Recipe by Katie Mae at Plantz St.
Editor’s note: This plant-based recipe for Chili Con Tempeh is healthy and perfect for weekday nights. You can store this in the fridge for 1 week or in the freezer for longer. Enjoy!
How to make this plant-based recipe
The Ultimate Chili Con Tempeh
Total Time: 30 minutes
Number of servings: 6
Per Serving 618 calories
Fat 8 g
Carbs 107 g
Protein 38 g
- 1 red onion, diced
- 1 jalapeno, minced
- 6 garlic cloves, minced
- 1½ tablespoons chili powder
- 1 tablespoon dried oregano
- ½ tablespoon ground cumin
- 1 lb sweet potato, diced into ½-in cubes (about 2 medium)
- 3 cups low-sodium vegetable broth or water
- 28 oz canned fire-roasted diced tomatoes
- 3 Medjool dates, pitted and diced
- 12 oz tempeh, diced
- 1½ cups cooked black beans (15-oz can, drained and rinsed)
- 1½ cups cooked kidney beans (15-oz can, drained and rinsed)

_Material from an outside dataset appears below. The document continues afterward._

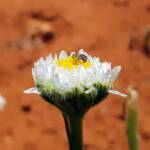Lasioglossum (Homalictus) on Poached Egg Daisy (Polycalymma stuartii), Alice Springs Desert Park NT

- 1½ cups frozen corn, thawed
- 1 red bell pepper, diced
- 1 teaspoon liquid smoke (optional)
- In a large soup pot over medium heat, add onion, jalapeno, garlic, spices and cubed sweet potato. Cover and dry-sauté for a few minutes, or until the onion becomes translucent. Stir frequently to prevent the veggies from sticking to the bottom of the pan.
- Stir in the water and tomatoes, and bring to a boil. Then reduce the heat to low, and add the dates and tempeh. Simmer for about 15 minutes, stirring occasionally.
- Once the sweet potatoes are soft in the middle when poked with a fork, mix in the beans, corn, and bell peppers, tomatoes. Simmer for 5 to 10 more minutes to let all the flavors mingle.